The termination of Employee's employment by Employer prior
to the expiration of the Term shall constitute a
'Termination for Cause' if made pursuant to Section 3.1(i);
the effect of such termination is specified in Section 3.4.
The termination of Employee's employment by Employer prior
to the expiration of the Term shall constitute an
'Involuntary Termination' if made pursuant to Section
3.1(ii); the effect of such termination is specified in
Section 3.5.  The effect of the employment relationship
being terminated pursuant to Section 3.1(iii) as a result of
Employee's death is specified in Section 3.6.  The effect of
the employment relationship being terminated pursuant to
Section 3.1(iv) as a result of the Employee becoming
disabled is specified in Section 3.7.

     3.2. Notwithstanding any other provisions of this
Agreement, Employee shall have the right to terminate the
employment relationship under this Agreement at any time
prior to the expiration of the Term of employment for any of
the following reasons:

     (i)  Employee is required by Employer to be permanently
          relocated to a city more than 50 miles from the
          Houston area or is demoted from the position of
          Chairman and Chief Executive Officer of Employer,
          within sixty days after such relocation or
          demotion Employee provides Employer with a written
          notice that such relocation or demotion has
          occurred and that Employee intends to terminate
          the employment relationship under this provision,
          and thereafter such relocation or demotion is not
          corrected by Employer within thirty days.

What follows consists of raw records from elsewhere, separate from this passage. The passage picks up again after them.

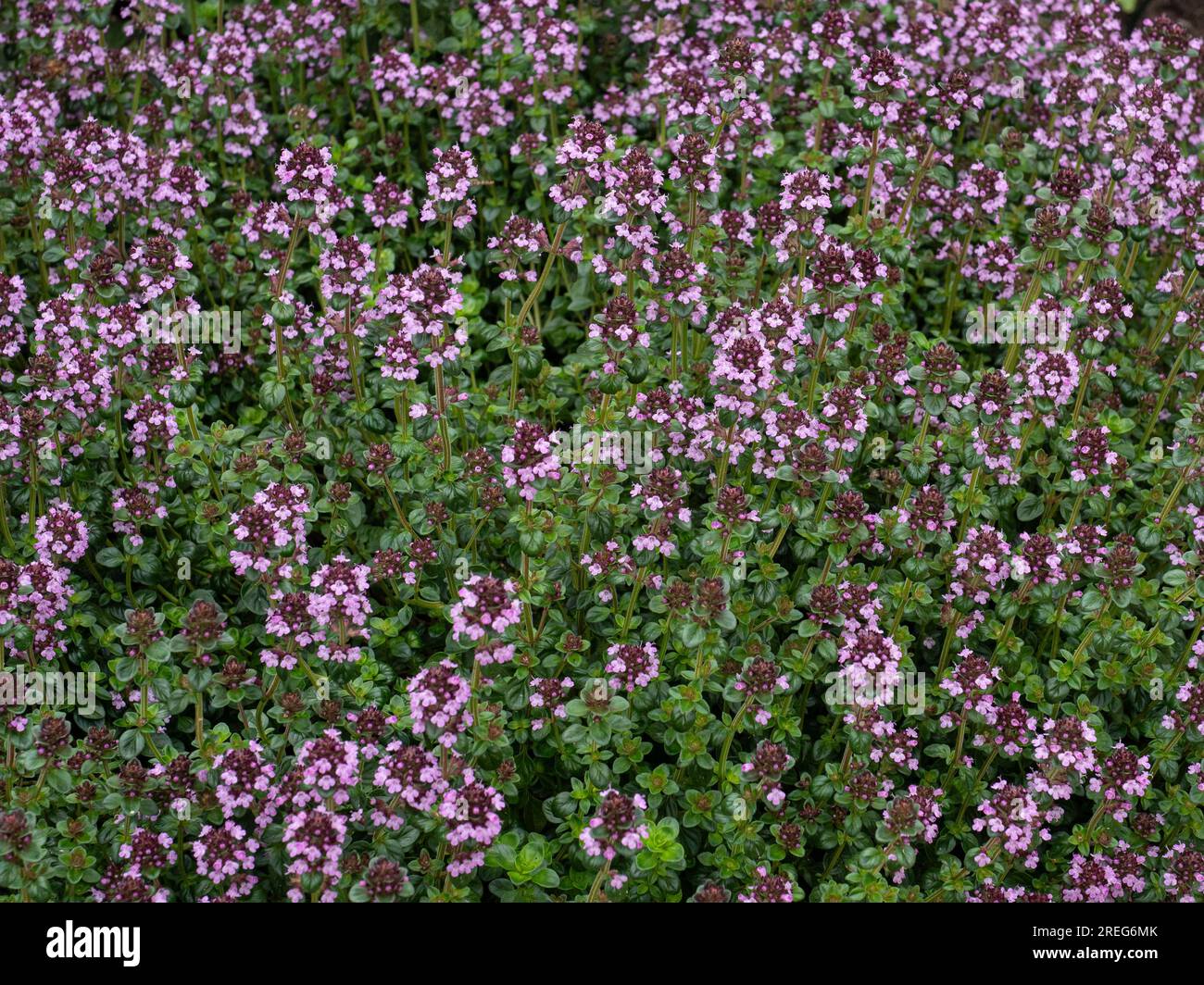 I fiori rosa profondi e le foglie verdi lucenti di Thymus pulegioides il timo dalle larghe foglie Foto Stock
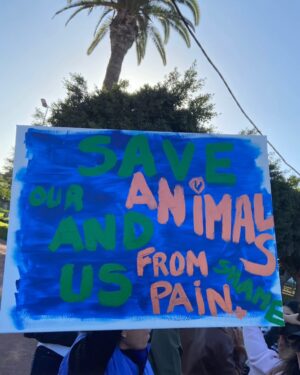 Ouidad Elma Instagram - I am at @ifmarrakech at 3 pm collecting the signatures 🐾✍🏽

Thank you to everyone who is taking action and making things change. Thank you to those who have signed, those who are signing, those who are gathering signatures and spreading this cause. Thank you to those who bring a smile to my face every day through their commitment and solidarity. I am deeply moved by this unity around our companions, the cats and dogs.

As a Moroccan, and as a Muslim, I believe it is essential to stand for our true values: the values of our ancestors, the values of our nation, and the values that will shape our future. We cannot remain silent in the face of corruption, massacres, and the extermination of pure and innocent beings.

We will fight. We will not back down. Each one of you is fulfilling your duty as a human being by standing up for justice and compassion. Thank you from the bottom of my heart.
We stand together for the truth. 🐾❤️🇲🇦

شكراً لكل من يتحرك ويجعل الأمور تتغير. شكراً لكل من وقع، لكل من يوقع، لكل من يجمع التوقيعات وينشر هذه القضية. شكراً لكل من يرسم الابتسامة على وجهي كل يوم من خلال التزامه وتضامنه. أنا متأثرة بشدة بهذه الوحدة حول رفاقنا، القطط والكلاب.

كمغربي/ة، وكمسلم/ة، أؤمن أنه من الضروري أن نتمسك بقيمنا الحقيقية: قيم أجدادنا، قيم وطننا، والقيم التي سترسم مستقبلنا. لا يمكننا أن نصمت أمام الفساد، أمام المجازر، أمام إبادة أرواح طاهرة وبريئة.

سنناضل. لن نستسلم. كل واحد منكم يؤدي اليوم واجبه الإنساني بالدفاع عن العدالة والرحمة. شكراً لكم من أعماق القلب.
نحن معًا من أجل الحقيقة.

     (ii) any other material breach by Employer of any
          material provision of this Agreement which remains
          uncorrected for 30 days following written notice
          of such breach by Employee to Employer; or

     (iii) for any other reason whatsoever, in the
           sole discretion of Employee.

The termination of Employee's employment by Employee prior
to the expiration of the Term shall constitute an
'Involuntary Termination' if made pursuant to Sections
3.2(i) or 3.2(ii); the effect of such termination is
specified in Section 3.5.  The termination of Employee's
employment by Employee prior to the expiration of the Term
shall constitute a 'Voluntary Termination' if made pursuant
to Section 3.2(iii); the effect of such termination is
specified in Section 3.3.

     3.3. Upon a 'Voluntary Termination' of the employment
relationship by Employee prior to expiration of the Term,
all future compensation to which Employee is entitled and
all future benefits for which Employee is eligible shall
cease and terminate as of the date of termination.  Employee
shall be entitled to pro rata salary through the date of
such termination, but Employee shall not be entitled to any
individual bonuses or individual incentive compensation not
yet paid at the date of such termination.  The Plan or
Employee's award agreement under the Plan shall provide that
upon Voluntary Termination of the employment relationship by
Employee, Employee shall be entitled only to such percentage
of the grant as had vested prior to such termination.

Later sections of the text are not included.